Verbatim copy without images: repeat the records in full.

- [Brief descriptive captions]
-- -- --

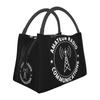 Amateur Ham Radio Operator Gift Insulated Lunch Bag for Women Bento Storage Food Boxes Container Cooler Thermal Lunch Box Tote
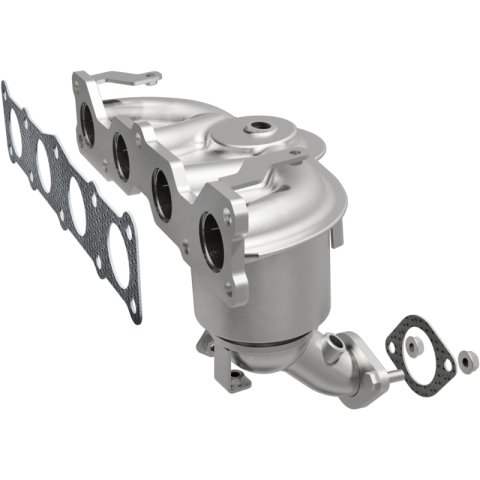MagnaFlow Direct Fit Catalytic Converter 13-16 Hyundai Santa Fe Sport 2.4L Manifold thumbnail 2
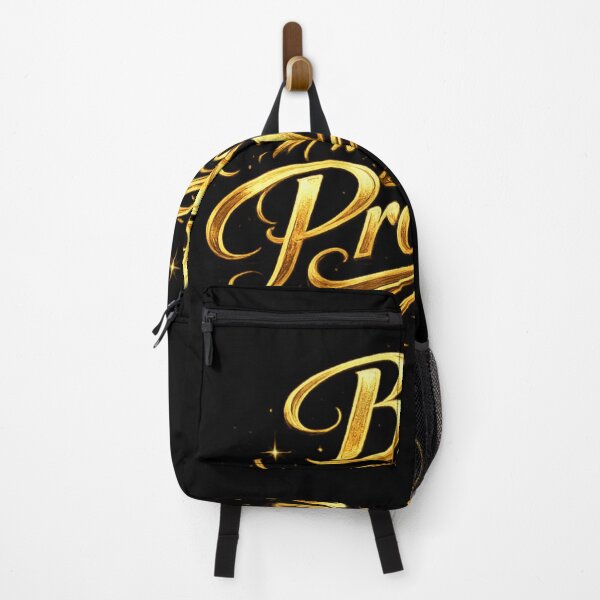 Item preview, "Be A Problem" Gold Script Typography Design designed and sold by BuckaBaby.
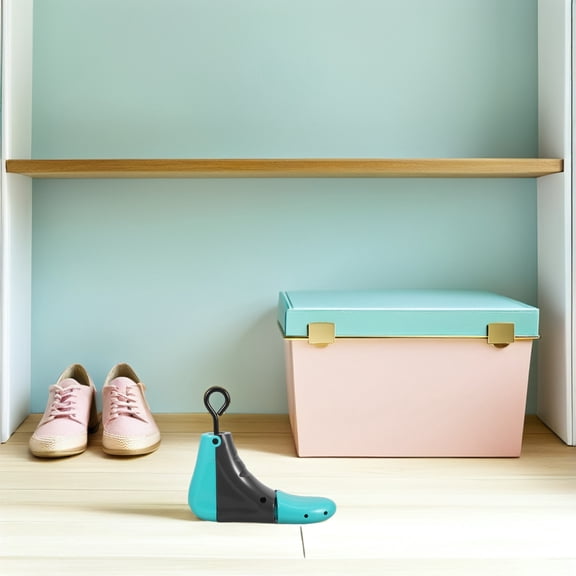 OUNONA Adjustable Plastic Shoe Stretcher, Multi-Color, ABS, Universal Fit for Heels and Sneakers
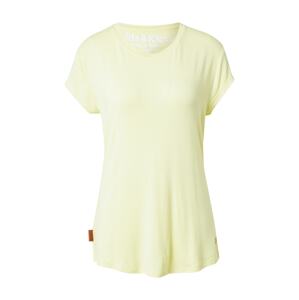Alife and Kickin T-Shirt 'Mimmy'  světle žlutá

-- -- --

- [Solution to the problem]
 Amateur Ham Radio Operator Gift Insulated Lunch Bag for Women Bento Storage Food Boxes Container Cooler Thermal Lunch Box Tote
MagnaFlow Direct Fit Catalytic Converter 13-16 Hyundai Santa Fe Sport 2.4L Manifold thumbnail 2
 Item preview, "Be A Problem" Gold Script Typography Design designed and sold by BuckaBaby.
 OUNONA Adjustable Plastic Shoe Stretcher, Multi-Color, ABS, Universal Fit for Heels and Sneakers
Alife and Kickin T-Shirt 'Mimmy'  světle žlutá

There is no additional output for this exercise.